PS: couldn't help myself and did a backup; merges are fast and latency is low. CPU is still quite busy, but less than half of the RAM usage
Bart Pellegrino,
Technical Account Manager - EMEA
soehl
Enthusiast
Posts: 57
Liked: 8 times
Joined: May 09, 2011 12:43 pm
Full Name: Sebastian
Location: Germany
Contact:

Re: REFS issues (server lockups, high CPU, high RAM)

Post by soehl » 2 people like this post

Looking very good so far, no outages, fast speed for merging and general backup. :-)
Slingfox
Service Provider
Posts: 5
Liked: 1 time
Joined: Dec 06, 2017 7:02 pm
Full Name: Chris Imrie
Location: United Kingdom
Contact:

Re: REFS issues (server lockups, high CPU, high RAM)

Post by Slingfox » 1 person likes this post

Before the patch a fast clone was taking around 1hour 43minutes (from last nights job summary). Applied the patch and the same fast clone today is 7minutes 5seconds.

Quite a significant improvement as far as we're concerned; although I'll need to monitor this over the next week to ensure it stays consistent.
Mike Resseler
Product Manager
Posts: 8042
Liked: 1262 times
Joined: Feb 08, 2013 3:08 pm
Full Name: Mike Resseler
Location: Belgium
Contact:

Re: REFS issues (server lockups, high CPU, high RAM)

Post by Mike Resseler »

At this moment I like what I am reading (which is great since it is Friday evening ;-))

Keep it coming.

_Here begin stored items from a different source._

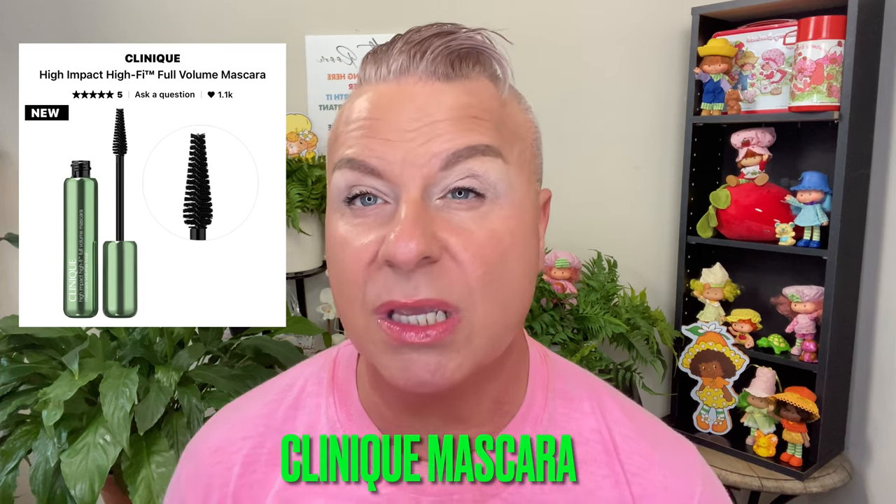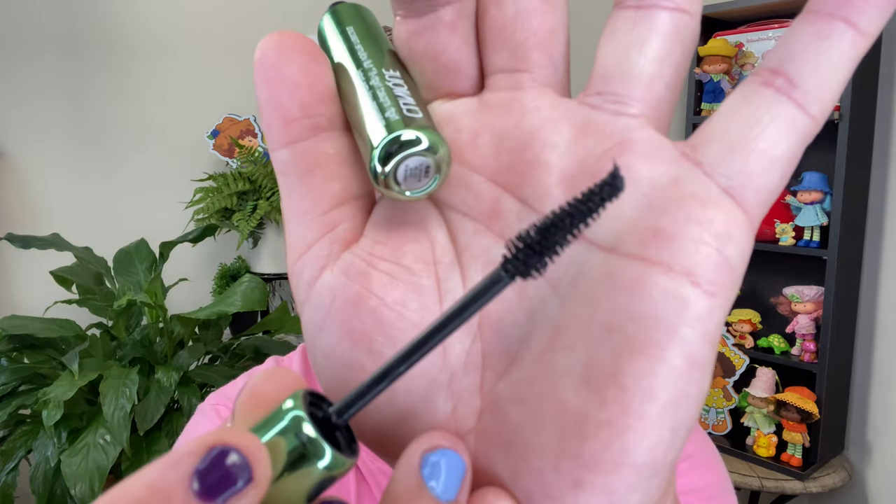Just to throw this out there — I have the Clinique High Impact Full Volume mascara. It's a brand new mascara that Clinique came out with and nobody ever really talks about Clinique. I was in Dillard's and they had this new mascara, so I thought we would give it a shot. I have it on today and I'm really liking it so far. It dries really quickly, does a good job of holding the curl if you curl your lashes. It's a nice impact mascara, very easy to put on. So far it hasn't smudged or caked and I've had it on for about an hour.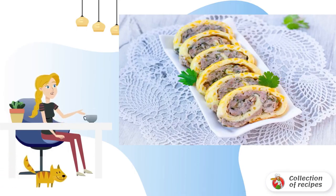Meanwhile, cook the minced meat. Finely chop the onion and fry until transparent. Chop the dill finely and mix the minced meat, fried onion, and dill in a bowl. Cover the baking sheet with baking paper.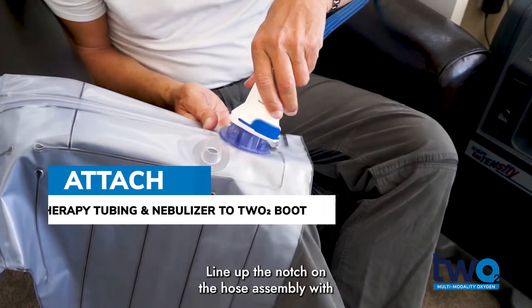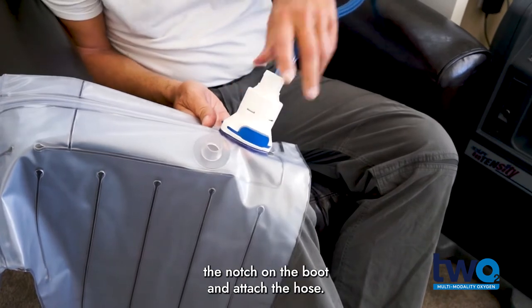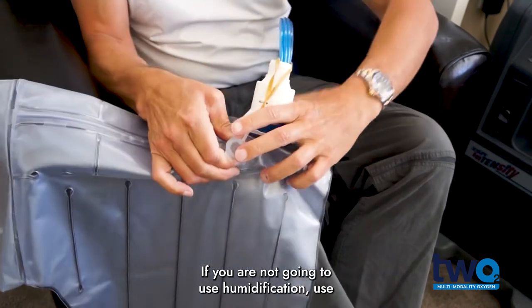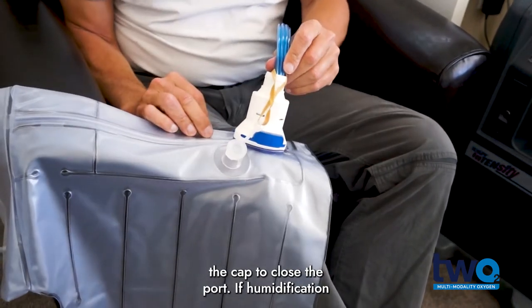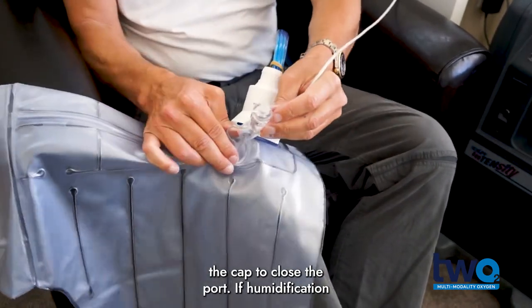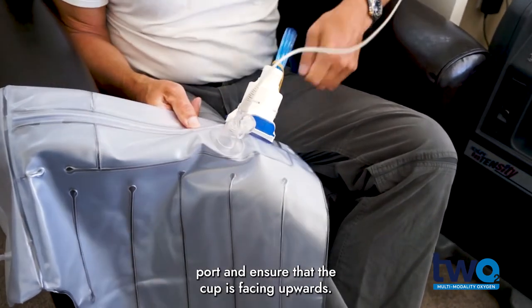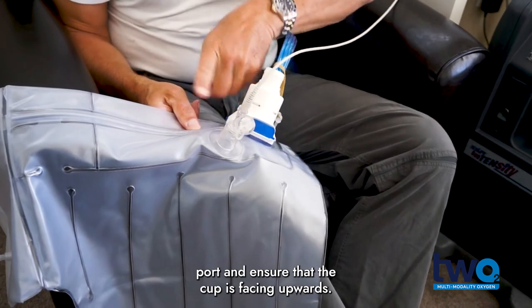Line up the notch on the hose assembly with the notch on the boot and attach the hose. If you are not going to use humidification, use the cap to close the port. If humidification is used, attach the nebulizer cup to the port and ensure that the cup is facing upwards.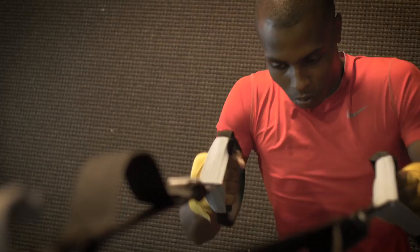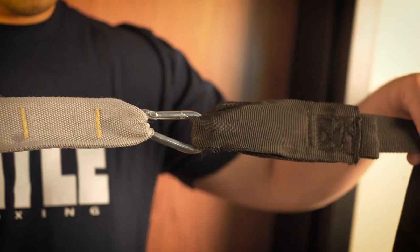For at-home use, hook the carabiner into the door attachment, slide the top of the door attachment over the door, and close the door shut.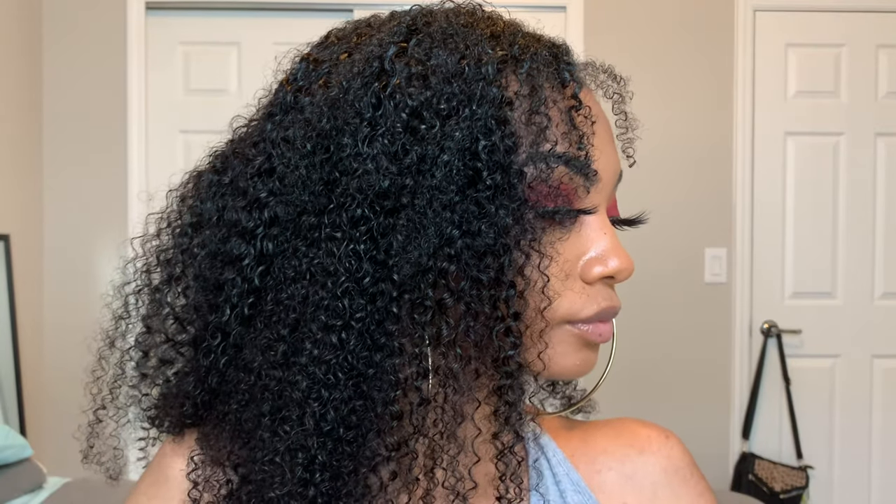Hey everybody, it's Jenisa. Today I'll be showing you guys how I do this berry smoky eye with gold glitter in the inner corner. I hope you guys enjoy this video — make sure you like, comment, and subscribe.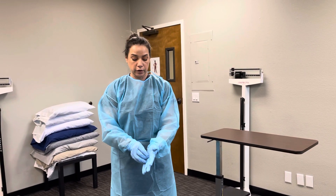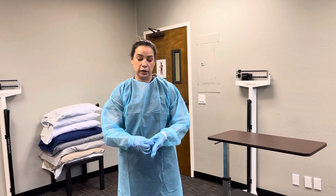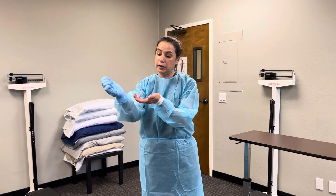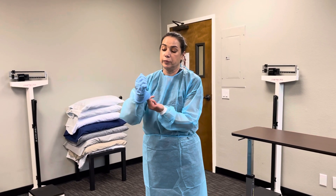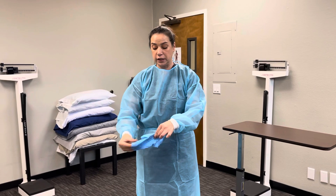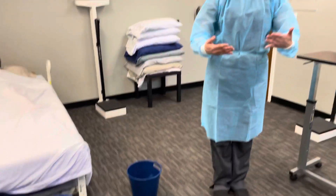Now I'm going to remove the gloves. I'm going to grab the glove at the palm, peel it off with the other glove, then I'm going to put two fingers under the glove and remove it without contaminating myself, and place it in the designated trash area.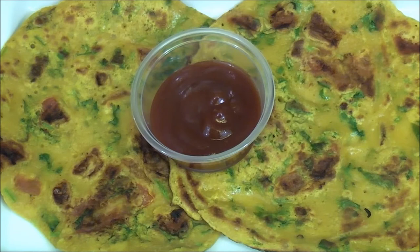Besan cheelas are ready and we are going to serve this with tomato ketchup. If you have green chutney or any other tamarind chutney, you can serve this with that also. Thanks for watching Jet Pad Kitchen — we will see you again with the next recipe.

For those already responded. It would be great if you would post your findings somewhere next week when a few runs have been done.

And I'm going to start the weekend (in a few hours) with a big smile ;-)
joespirit88
Enthusiast
Posts: 39
Liked: 5 times
Joined: Jul 04, 2017 12:53 pm
Full Name: Joe Spirit
Contact:

Re: REFS issues (server lockups, high CPU, high RAM)

Post by joespirit88 »

So far we have definitely seen an improvement since the update, however we have also seen better performance in the past after rebooting the Repo server.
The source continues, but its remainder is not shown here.